They’re Baaaaaack!!!!!

What does my riding helmet, equestrian team tryouts and rodents have to do with one another?….

IMG_4684

And so that I never forget the traumatic experience, they generously left their mark on my helmet.

Anyone who knows me well is aware of my aversion to mice. I can appreciate that they’re one of God’s creatures and they provide food for other animals, but aside from that I think they’re dreadful little critters. There’s just something about their beady little black eyeballs and wormy tail – Just… ew.

So while other folks are rejoicing in the coming of fall so they can wear Ugg boots and drink pumpkin spice lattes and look at the pretty leaves, I’m completely dreading it. Because when the air turns chilly and the leaves begin to fall, rodents like to find warm and cozy places to make their home.

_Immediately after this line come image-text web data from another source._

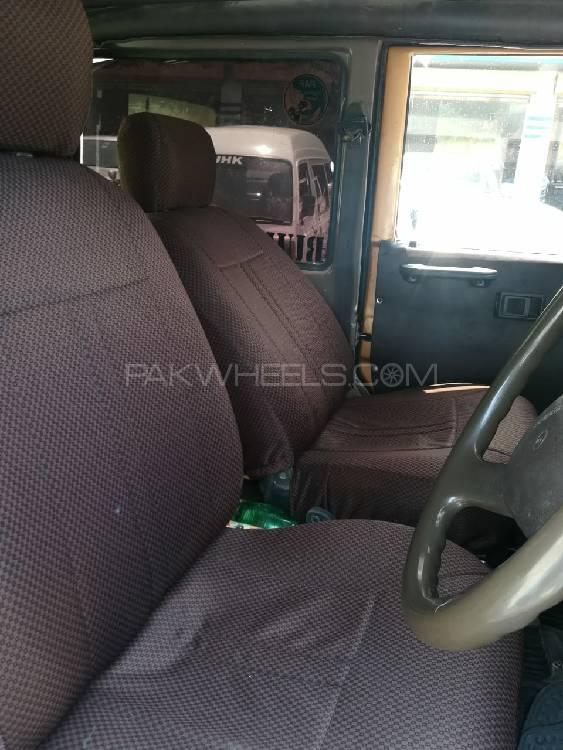 Jeep CJ 5 1984 for Sale in Rawalpindi Jeep CJ 5 1984 for Sale in Rawalpindi Image-11
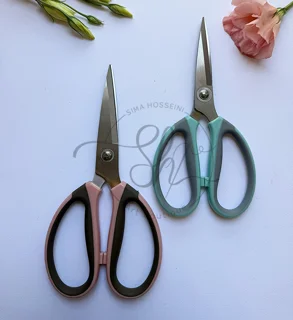 قیچی خیاطی حرفه ای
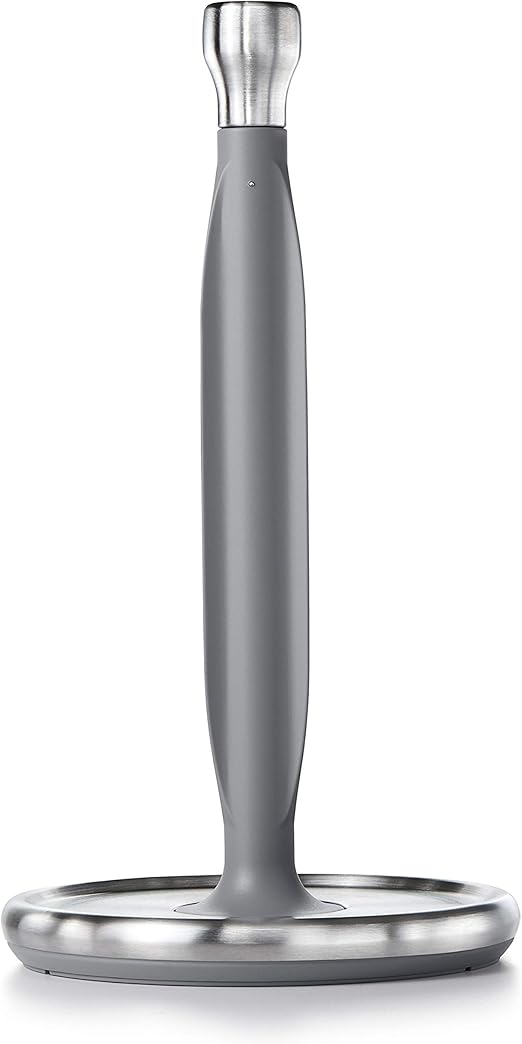 OXO Good Grips Steady Paper Towel Holder Home & Kitchen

My family lives out in the country and our house in nestled in the woods along the Red River. Said rodents seem to think that our cars are miniature kingdoms for them to rule, so they simply migrate from the woods right into our vehicles, chewing whatever they please and stashing their nuts and mousey belongings in every nook and cranny.

I have no idea how they get in, but you can tell they’re there when tiny mouse turds begin showing up on your seats. If you’re completely grossed out right now, imagine that feeling, multiply it by 10 and mix in a hint of pure terror, and you can imagine how I feel climbing into my car every day. It’s pretty much like driving the nightmare-mobile, and not to mention a hazard on the road!

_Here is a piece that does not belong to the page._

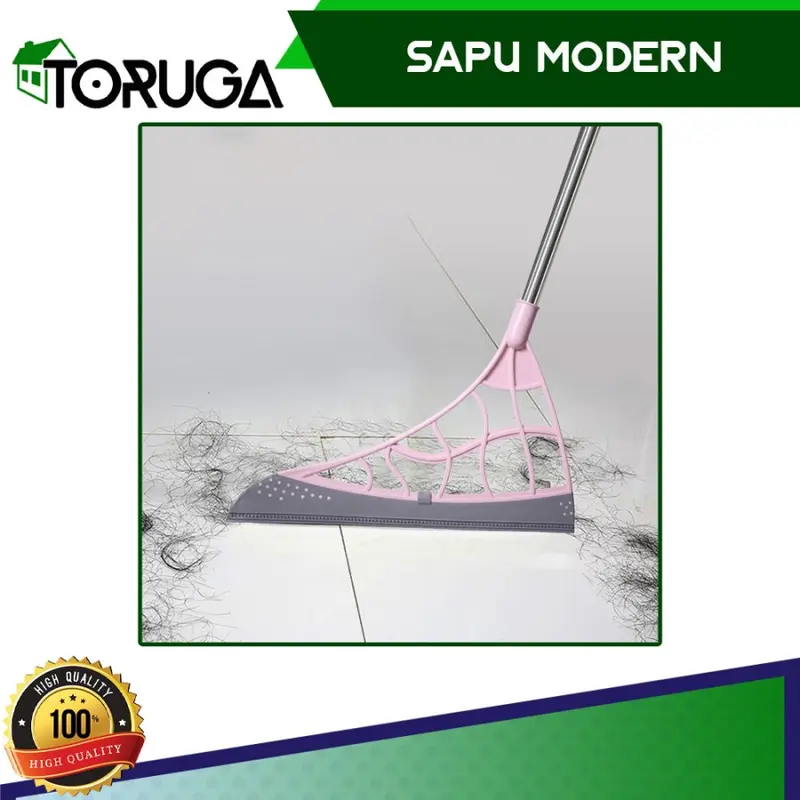 Sapu Pel Magic Karet Korea Silikon Broom Magic Portable Praktis 1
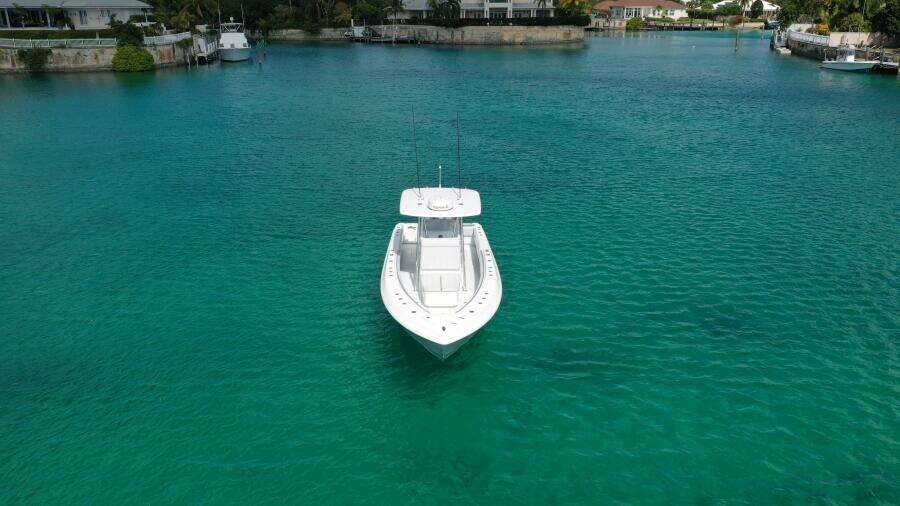 Fast Cash 32ft Contender Yacht For Sale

The mice must have sensed that I have returned from New York, because almost immediately after I got home from the Travers, they were waiting for me. It probably didn’t help that I haven’t cleaned out my car in who knows how long and that garbage lines my floor mats, making their castle even homier. A floor to ceiling disinfecting and cleaning is in order this weekend, no doubt.

As I headed out the door last Monday to tryouts for my university’s hunt seat equestrian team, my brother made a joke about how the mice just seem to gravitate towards me, and that it must be my smell or something. I playfully slapped him on the shoulder before running to our trailer, grabbing my helmet bag and hopping into my car.

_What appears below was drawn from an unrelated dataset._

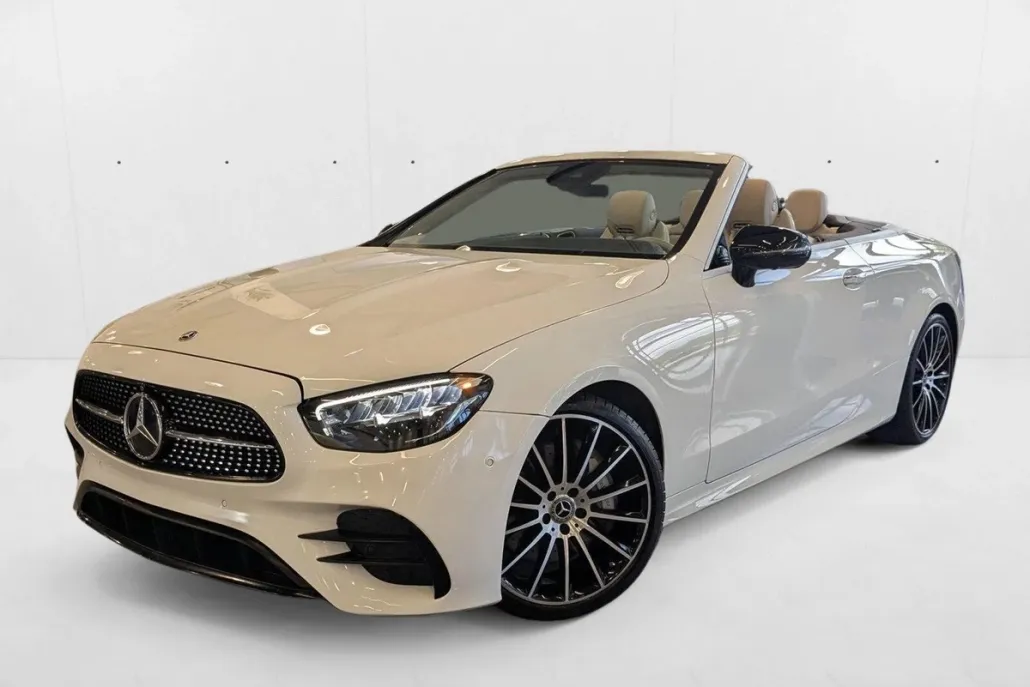 2023 Mercedes Benz E 450 photo 1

The helmet bag sat innocently on my passenger seat as I jammed out on the 20 minute drive to the equestrian center. When I arrived I carried it in with me and proceeded to contain my mess of thick wavy hair into a hairnet and pony tail holder that would be shoved under my helmet. I unzipped my helmet bag and began pulling it out… until I realized there were tiny faces staring at me. The bag flew in one direction, the helmet rolled in another as I bounded away squealing in alarm and sheer terror, all in front of about 20 people.

Surely they must have thought I had gone mad! I clung to the wall of the office, hyperventilating as I pointed to the giant mouse nest made out of a chewed up rug from our trailer that had fallen out of my helmet.

A sympathetic new freshman who lacks a fear of mice took pity on me and carried my bag outside to dump out the rodents. She informed me that there had been not one but FOUR mice – a mother and three babies – who had taken up residence in my helmet, which I had worn on a trail ride only two days prior. I later came to find out that a fifth baby mouse remained in the lining of the helmet bag for another day before our dogs took care of it.

I somehow made it through my tryout it one piece, despite the unnerving fact that it was used as a miniature birthing center/rodent house for humanity (mice-anity?) to four baby mice and their mother just five minutes before.

Fall has come. Fall has come indeed. At least I made the riding team.